【代码详解】Triplane Meets Gaussian Splatting中triplane部分解析

今天梳理一下TriplaneGaussian的代码逻辑,文章的简介可以先看这一篇博文

项目地址:Github


在这里插入图片描述
接下来我将挑选重点来梳理,逐行解析会在代码注释里。

triplane.py

既然是Triplane Meets Gaussian,我们就先从models/tokenizers/triplane.py看起。

这段代码实现了一个可学习的Triplane位置编码模块,主要用于将特征映射到三张正交平面的表示形式,便于后续3D体素或点采样操作。

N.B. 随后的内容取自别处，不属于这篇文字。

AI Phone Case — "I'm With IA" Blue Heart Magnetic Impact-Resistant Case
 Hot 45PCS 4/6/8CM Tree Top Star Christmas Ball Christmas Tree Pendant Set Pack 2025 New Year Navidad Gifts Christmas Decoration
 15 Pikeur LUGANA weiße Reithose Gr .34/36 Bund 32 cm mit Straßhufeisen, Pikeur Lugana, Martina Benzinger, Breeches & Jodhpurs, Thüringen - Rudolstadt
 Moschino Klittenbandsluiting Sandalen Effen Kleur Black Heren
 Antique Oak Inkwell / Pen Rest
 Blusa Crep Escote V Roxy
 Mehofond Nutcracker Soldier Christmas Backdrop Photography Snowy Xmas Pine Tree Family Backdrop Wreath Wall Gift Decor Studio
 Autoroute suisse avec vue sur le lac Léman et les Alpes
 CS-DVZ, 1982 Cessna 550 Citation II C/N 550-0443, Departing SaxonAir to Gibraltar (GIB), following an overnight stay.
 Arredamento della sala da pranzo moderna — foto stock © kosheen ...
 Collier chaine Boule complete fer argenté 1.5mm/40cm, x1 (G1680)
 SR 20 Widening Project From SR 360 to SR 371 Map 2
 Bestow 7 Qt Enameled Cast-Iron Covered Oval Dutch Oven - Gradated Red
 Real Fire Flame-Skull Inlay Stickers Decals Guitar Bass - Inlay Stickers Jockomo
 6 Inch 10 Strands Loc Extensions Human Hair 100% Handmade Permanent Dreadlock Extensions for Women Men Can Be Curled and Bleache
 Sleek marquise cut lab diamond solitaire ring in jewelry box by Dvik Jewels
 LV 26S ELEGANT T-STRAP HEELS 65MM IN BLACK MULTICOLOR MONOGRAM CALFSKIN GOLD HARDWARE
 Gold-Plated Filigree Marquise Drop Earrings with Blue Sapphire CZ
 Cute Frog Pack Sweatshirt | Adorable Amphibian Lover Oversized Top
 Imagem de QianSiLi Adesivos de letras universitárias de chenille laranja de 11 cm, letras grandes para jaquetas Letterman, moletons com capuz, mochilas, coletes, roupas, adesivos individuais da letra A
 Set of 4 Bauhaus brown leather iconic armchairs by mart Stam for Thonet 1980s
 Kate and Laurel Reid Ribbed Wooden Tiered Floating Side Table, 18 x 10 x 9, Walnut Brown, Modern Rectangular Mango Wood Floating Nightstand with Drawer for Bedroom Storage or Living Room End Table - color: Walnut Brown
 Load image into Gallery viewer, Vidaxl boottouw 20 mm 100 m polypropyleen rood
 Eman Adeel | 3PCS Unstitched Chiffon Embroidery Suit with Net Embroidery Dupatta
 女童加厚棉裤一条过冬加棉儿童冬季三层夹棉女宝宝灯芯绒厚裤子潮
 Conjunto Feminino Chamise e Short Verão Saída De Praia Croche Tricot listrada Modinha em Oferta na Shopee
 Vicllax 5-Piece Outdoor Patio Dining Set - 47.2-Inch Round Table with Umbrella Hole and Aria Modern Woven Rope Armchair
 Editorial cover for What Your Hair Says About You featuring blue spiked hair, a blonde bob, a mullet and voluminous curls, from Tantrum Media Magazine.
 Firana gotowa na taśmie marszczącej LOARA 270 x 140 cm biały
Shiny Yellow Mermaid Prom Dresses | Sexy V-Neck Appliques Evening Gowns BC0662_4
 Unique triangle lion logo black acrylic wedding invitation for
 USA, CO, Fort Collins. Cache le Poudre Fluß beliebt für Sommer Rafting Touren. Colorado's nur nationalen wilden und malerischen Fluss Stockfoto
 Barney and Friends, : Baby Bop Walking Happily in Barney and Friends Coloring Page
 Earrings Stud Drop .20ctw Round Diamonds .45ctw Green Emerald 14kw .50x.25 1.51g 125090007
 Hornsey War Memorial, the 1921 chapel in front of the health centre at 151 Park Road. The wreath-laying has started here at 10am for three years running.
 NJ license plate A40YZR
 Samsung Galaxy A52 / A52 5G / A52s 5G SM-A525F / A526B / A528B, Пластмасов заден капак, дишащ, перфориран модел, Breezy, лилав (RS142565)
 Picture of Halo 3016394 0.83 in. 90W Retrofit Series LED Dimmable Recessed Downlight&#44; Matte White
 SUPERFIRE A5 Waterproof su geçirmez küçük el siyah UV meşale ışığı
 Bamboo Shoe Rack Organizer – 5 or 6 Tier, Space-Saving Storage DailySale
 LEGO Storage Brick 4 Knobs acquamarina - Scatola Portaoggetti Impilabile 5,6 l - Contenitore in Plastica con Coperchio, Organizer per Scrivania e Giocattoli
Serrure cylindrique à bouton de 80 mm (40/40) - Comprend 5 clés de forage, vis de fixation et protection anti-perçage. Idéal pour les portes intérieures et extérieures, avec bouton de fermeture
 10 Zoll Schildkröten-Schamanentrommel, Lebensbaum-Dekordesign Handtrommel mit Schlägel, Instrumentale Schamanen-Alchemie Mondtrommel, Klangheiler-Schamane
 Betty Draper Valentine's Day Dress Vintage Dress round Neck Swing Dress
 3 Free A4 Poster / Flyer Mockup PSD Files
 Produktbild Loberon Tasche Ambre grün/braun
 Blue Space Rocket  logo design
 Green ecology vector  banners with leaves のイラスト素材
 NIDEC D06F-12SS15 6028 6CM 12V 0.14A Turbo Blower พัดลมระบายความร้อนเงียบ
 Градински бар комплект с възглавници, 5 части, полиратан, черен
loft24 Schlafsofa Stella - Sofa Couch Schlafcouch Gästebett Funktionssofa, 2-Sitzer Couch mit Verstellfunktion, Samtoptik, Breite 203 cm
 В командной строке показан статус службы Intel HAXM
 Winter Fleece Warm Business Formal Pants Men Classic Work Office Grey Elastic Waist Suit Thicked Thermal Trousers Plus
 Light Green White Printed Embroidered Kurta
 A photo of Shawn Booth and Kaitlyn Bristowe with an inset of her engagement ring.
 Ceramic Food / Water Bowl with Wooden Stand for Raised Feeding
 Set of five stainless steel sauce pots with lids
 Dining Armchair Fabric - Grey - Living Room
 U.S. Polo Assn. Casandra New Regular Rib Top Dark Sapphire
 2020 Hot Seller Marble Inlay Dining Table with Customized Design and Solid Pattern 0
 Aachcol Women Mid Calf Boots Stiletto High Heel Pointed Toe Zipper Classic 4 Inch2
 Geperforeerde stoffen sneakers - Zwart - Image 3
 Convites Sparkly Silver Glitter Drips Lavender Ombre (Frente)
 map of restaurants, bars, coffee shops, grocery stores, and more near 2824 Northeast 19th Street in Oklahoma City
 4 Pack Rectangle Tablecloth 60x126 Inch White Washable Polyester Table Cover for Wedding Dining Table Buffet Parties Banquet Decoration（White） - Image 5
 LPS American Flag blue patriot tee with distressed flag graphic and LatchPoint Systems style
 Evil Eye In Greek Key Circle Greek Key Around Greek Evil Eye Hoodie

class TriplaneLearnablePositionalEmbedding(BaseModule):
    @dataclass
    class Config(BaseModule.Config):
        plane_size: int = 32 # 每个平面的分辨率
        num_channels: int = 1024 # 每个平面的通道数
        # 一共会有3个平面(XY、XZ、YZ),因此总token数为3*plane_size^2

    cfg: Config

    def configure(self) -> None:
        super().configure()
        # 初始化可学习的triplane embedding
        self.embeddings = nn.Parameter(
            torch.randn(
                (3, self.cfg.num_channels, self.cfg.plane_size, self.cfg.plane_size),
                dtype=torch.float32,
            )
            * 1
            / math.sqrt(self.cfg.num_channels) # 这里是Xavier初始化风格的缩放,避免梯度爆炸
        )

    def forward(self, batch_size: int, cond_embeddings: Float[Tensor, "B Ct"] = None) -> Float[Tensor, "B Ct Nt"]:
        embeddings = repeat(self.embeddings, "Np Ct Hp Wp -> B Np Ct Hp Wp", B=batch_size) # 为每个batch复制一份
        if cond_embeddings is not None:
            # 如果有cond_embeddings(例如图像特征条件),则加到每个平面上做条件调制
            embeddings = embeddings + cond_embeddings
        # 最后展平为 (B, Ct, Nt),其中Nt = 3 * H * W,相当于将三平面的空间像素展平成 token
        return rearrange(
            embeddings,
            "B Np Ct Hp Wp -> B Ct (Np Hp Wp)",
        )

    def detokenize(
        self, tokens: Float[Tensor, "B Ct Nt"]
    ) -> Float[Tensor, "B 3 Ct Hp Wp"]:
        # 这里相当于是forward的逆操作
        batch_size, Ct, Nt = tokens.shape
        assert Nt == self.cfg.plane_size**2 * 3
        assert Ct == self.cfg.num_channels
        return rearrange(
            tokens,
            "B Ct (Np Hp Wp) -> B Np Ct Hp Wp",
            Np=3,
            Hp=self.cfg.plane_size,
            Wp=self.cfg.plane_size,
        )

renderer.py

我们再来看看models/renderer.py中的操作,这里我们略过一些矩阵变换的工具函数和Camera、GaussianModel的类。

GSLayer

先看GSLayer,它将输入特征映射为高斯的各个属性。这个类的作用主要是将输入特征映射成高斯参数(位置偏移、密度、缩放、旋转、球谐系数等)。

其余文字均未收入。